November 1998 (HRDG a.F., GVBl I S. 499) nicht der Rechtsweg zu den ordentlichen Gerichten,
sondern zu den Verwaltungsgerichten eröffnet sei. Zur Begründung hat der Bundesgerichtshof
im Wesentlichen darauf abgestellt, dass die Notfallversorgung eine Aufgabe der
Gefahrenabwehr sei und daher die Rechtsbeziehung zwischen dem Leistungserbringer und dem
Leistungsempfänger auch hinsichtlich der Zahlungsansprüche öffentlich-rechtlicher Natur sei.
Die Benutzungsentgelte nach § 8 HRDG a.F. würden einheitlich bestimmt und einheitlich für alle
Benutzer gelten (BGH, Beschluss vom 17. Dezember 2009 a.a.O. Rn. 9 ff., Rn. 17 ff.).
7 Vor diesem Hintergrund erscheint der Verweisungsbeschluss des Amtsgerichts weder als
schlechthin unverständlich noch als völlig abwegig. Dem steht nicht entgegen, dass sich der
Beschluss nicht ausdrücklich zu der Novellierung des § 8 HRDG a.F. (nunmehr § 10 HRDG n.F.)
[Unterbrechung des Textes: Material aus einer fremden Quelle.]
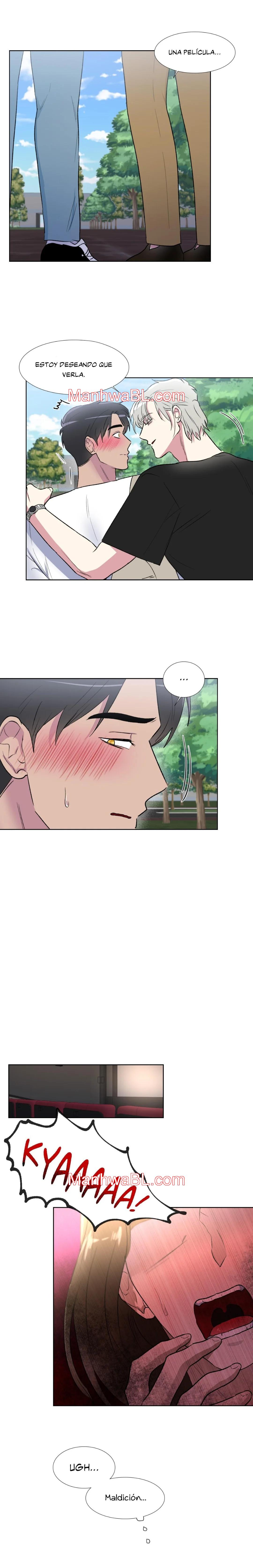Que hay debajo de esas alas - Capítulo 9 manhwa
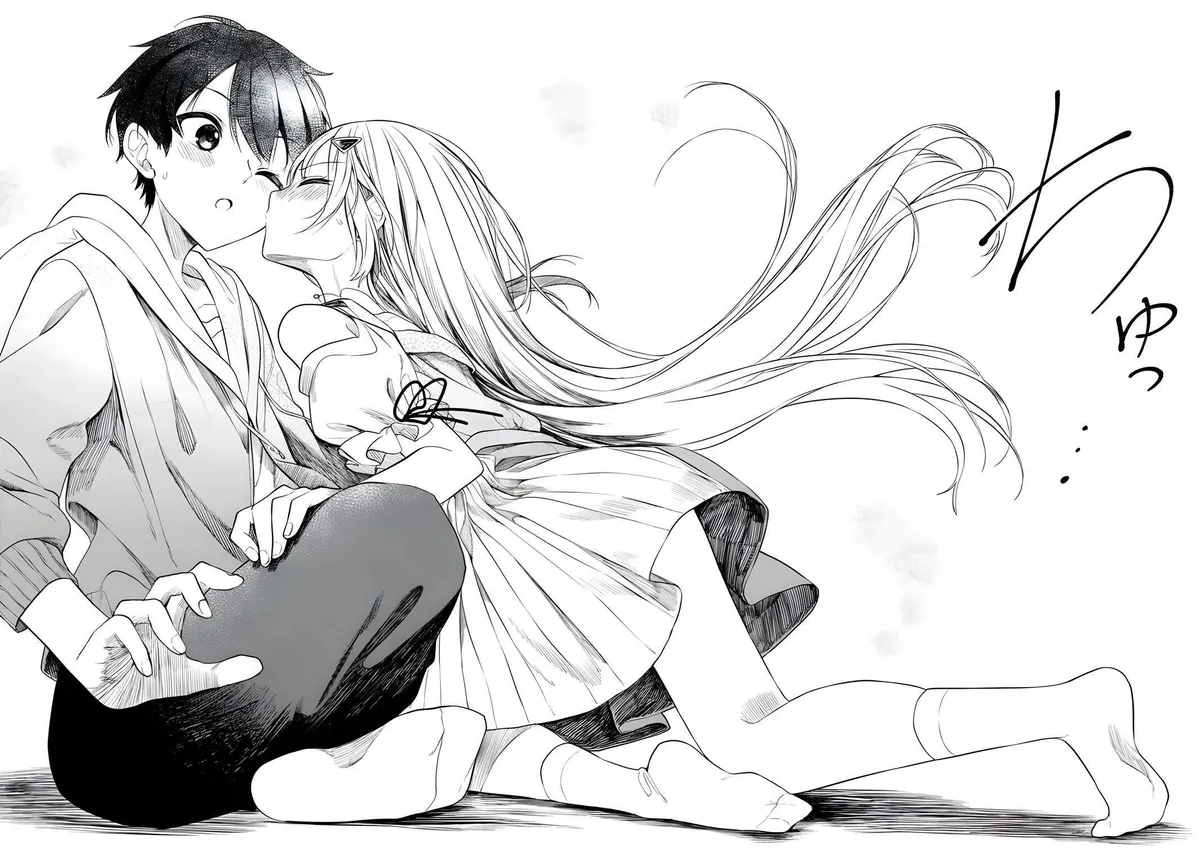 Maigo ni Natteita Youjo wo Tasuketara, Otonari ni Sumu Bishoujo Ryuugakusei ga Ie ni Asobi ni Kuru you ni Natta Ken ni Tsuite Chapter 14 page 25 - 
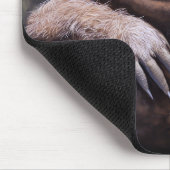 niedlicher Faultier Mousepad (Ecke)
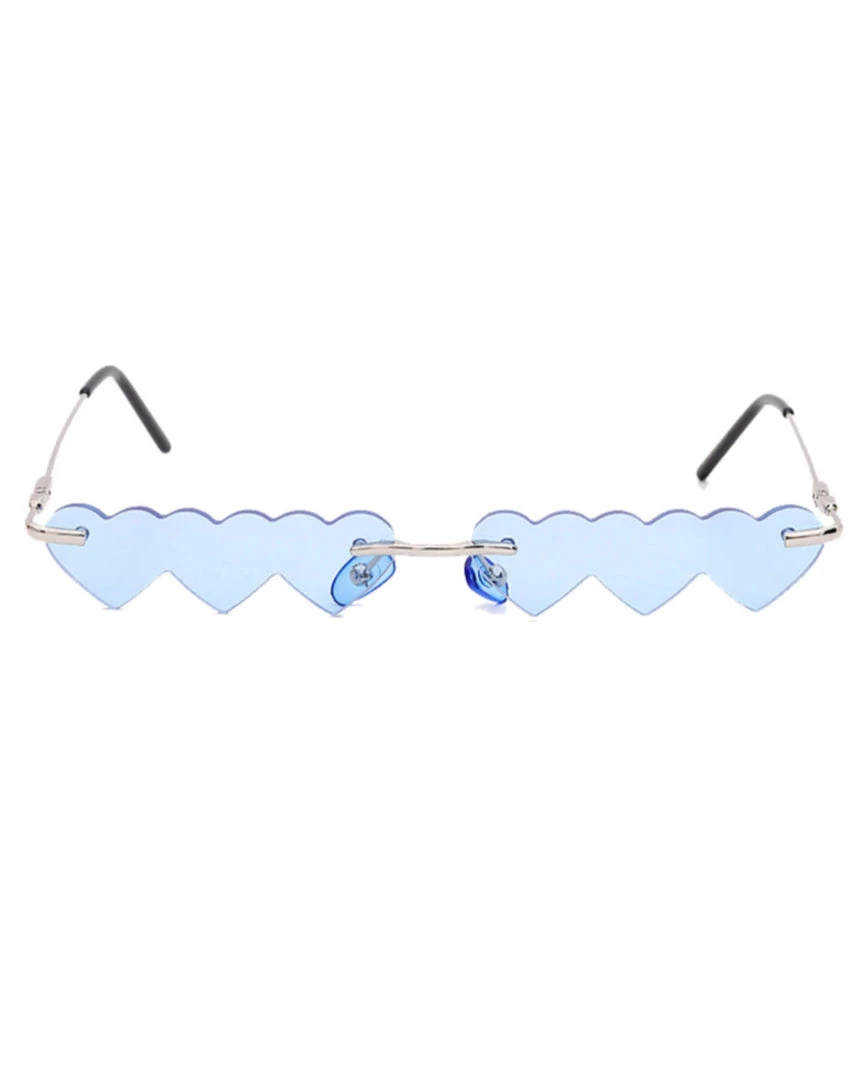 AE Womens Triple Heart Sunglasses 7 AE Womens Triple Heart Sunglasses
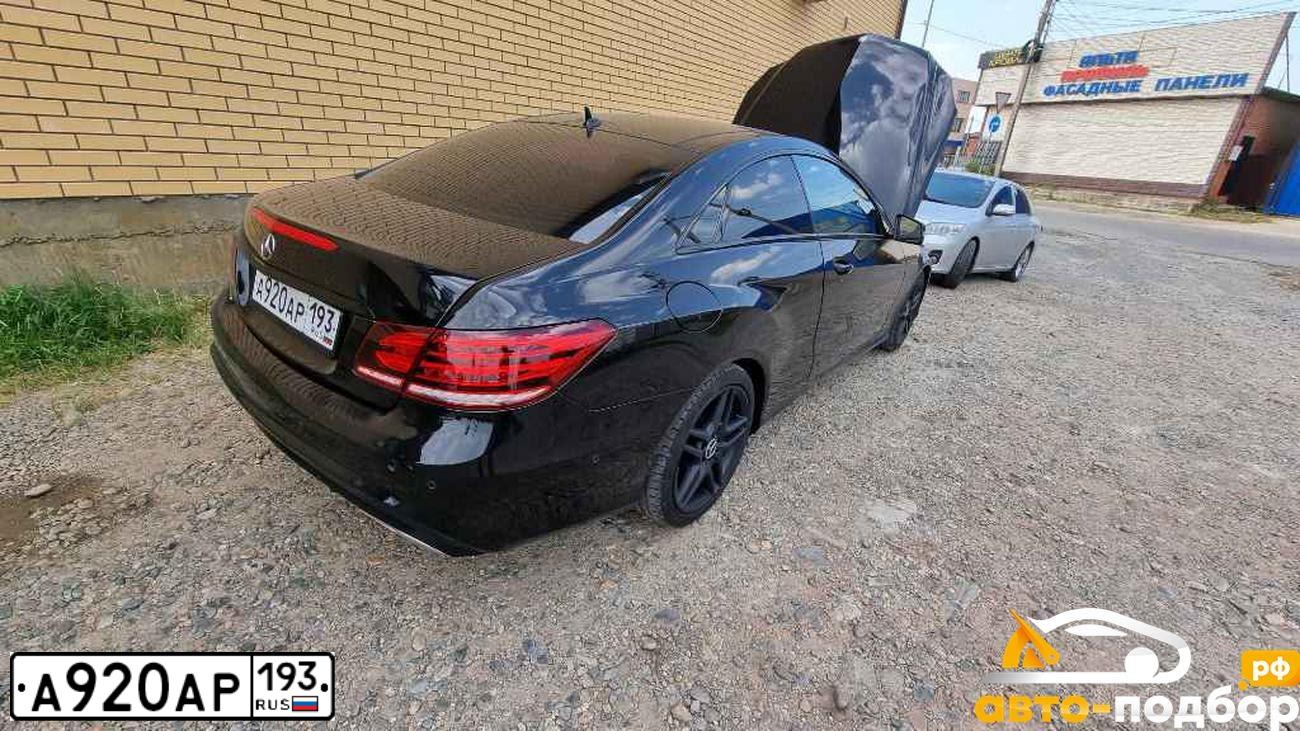 Фото автомобиля MERCEDES E-KLASSE, 2014 — госномер К653МС702. Цвет: ЧЕРНЫЙ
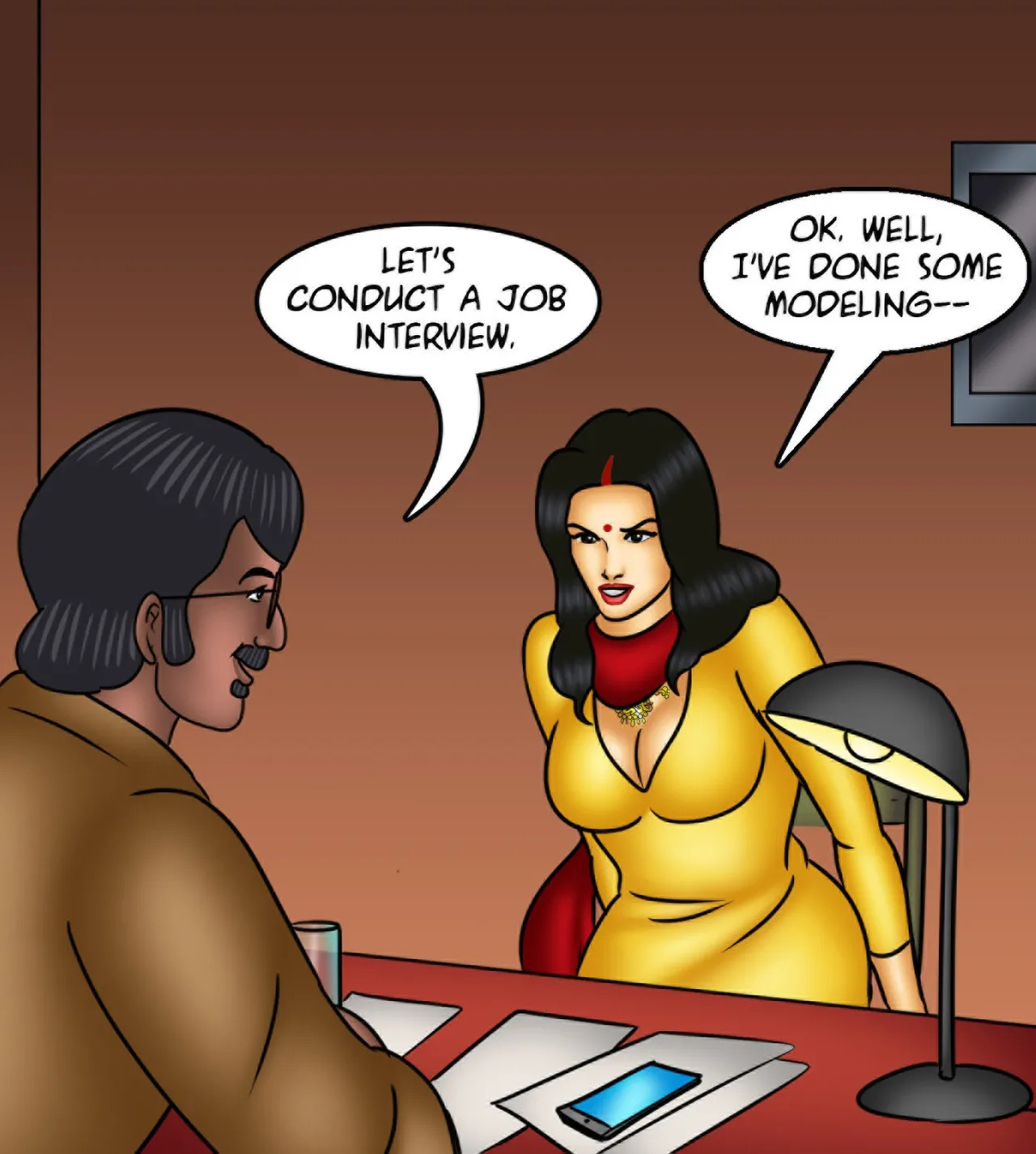 Savita Bhabhi Episode 147 The Artist s Muse Pt. 2 (English) - Page 66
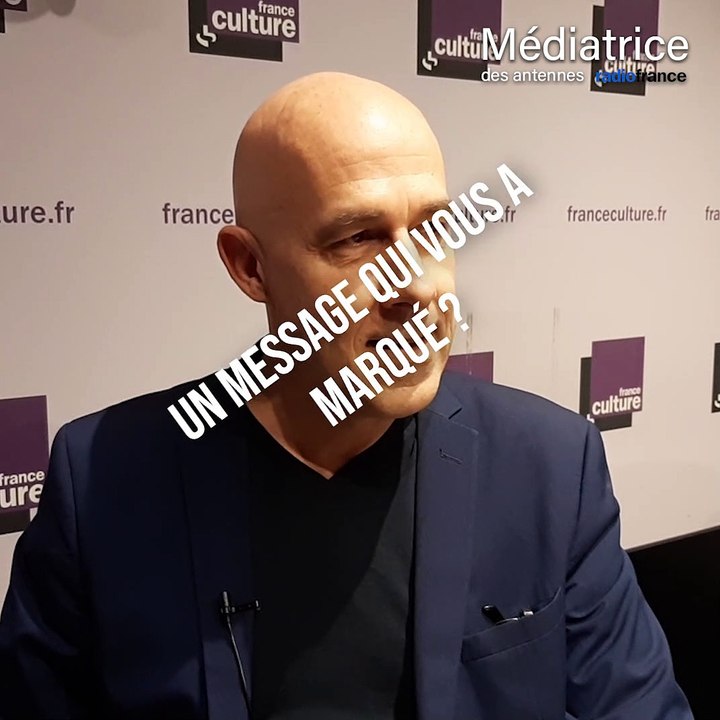Arnaud Laporte et les auditeurs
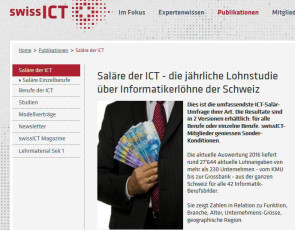 Schweizer IT-Löhne 2016 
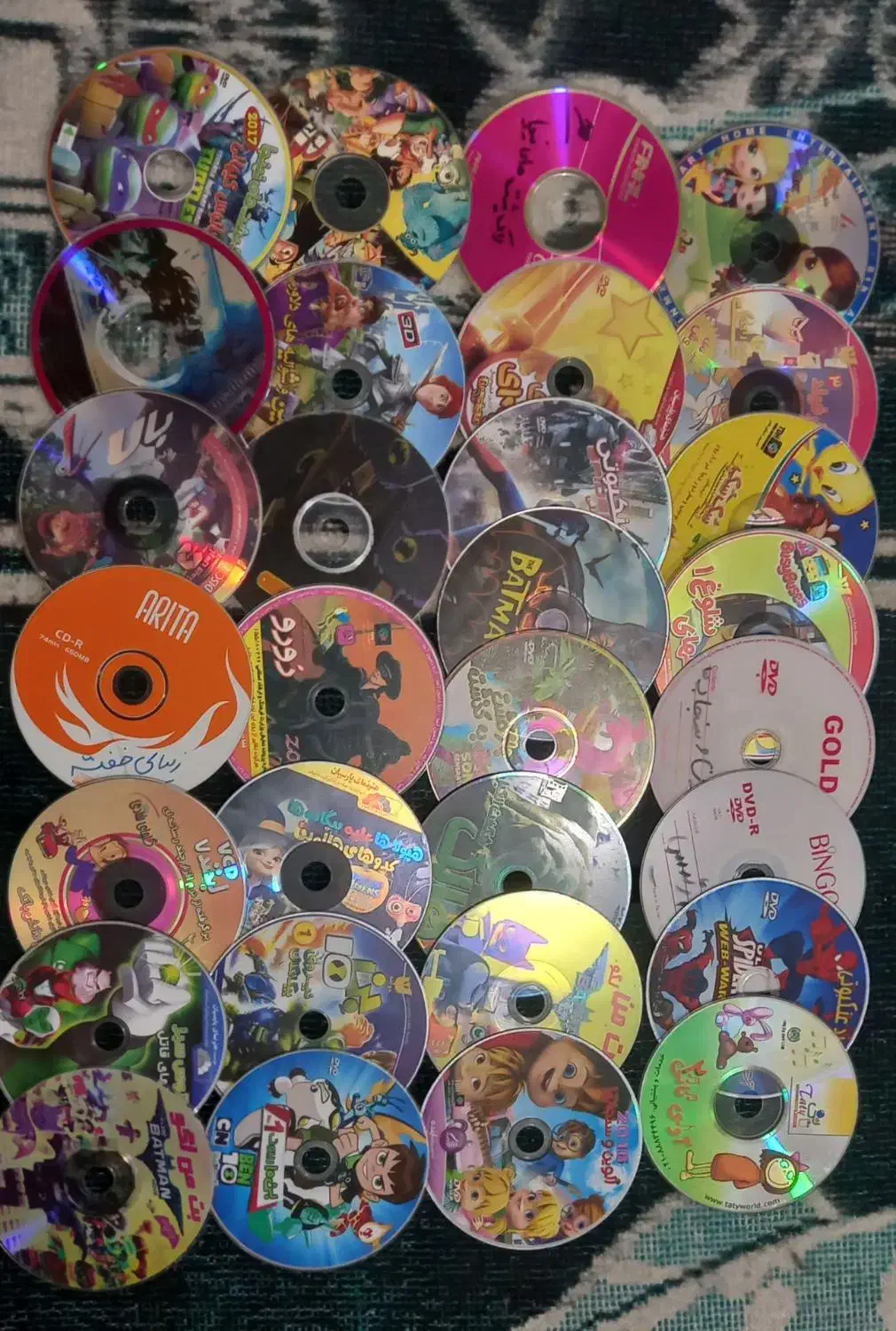 فروش انواع سی دی|فیلم و موسیقی|اندیشه, اندیشه فاز ۱|دیوار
und der Entscheidung des Hessischen Verwaltungsgerichtshofs vom 22. März 2012 (- 8 A
2255/10 -) verhält. Dies ist schon deshalb nicht geeignet, die in § 17a Abs. 2 Satz 3 GVG
angeordnete Bindungswirkung zu beseitigen, weil der bodengebundene Rettungsdienst auch
nach der Gesetzesnovelle eine öffentliche, von den Landkreisen und kreisfreien Städten als
Selbstverwaltungsangelegenheit wahrzunehmende Aufgabe ist (vgl. § 1 und § 5 Abs. 1 HRDG)
und die einheitliche Geltung der Benutzungsentgelte beibehalten wird (vgl. § 10 Abs. 1 Satz 2,
Abs. 2 und Abs. 5 HRDG). Damit hat der rechtliche Ausgangspunkt, den der Bundesgerichtshof
seiner Rechtswegbeurteilung zugrunde gelegt und den sich das Amtsgericht zu eigen gemacht
hat, nach wie vor Bestand. Dass der Gesetzgeber den Leistungserbringer nunmehr in § 10 Abs.
1 HRDG ausdrücklich ermächtigt, in eigenem Namen privatrechtliche Nutzungsentgelte zu
erheben, stellt diese Beurteilung zwar in Frage, rechtfertigt aber nicht den gegenüber dem
Amtsgericht erhobenen Vorwurf objektiver Willkür.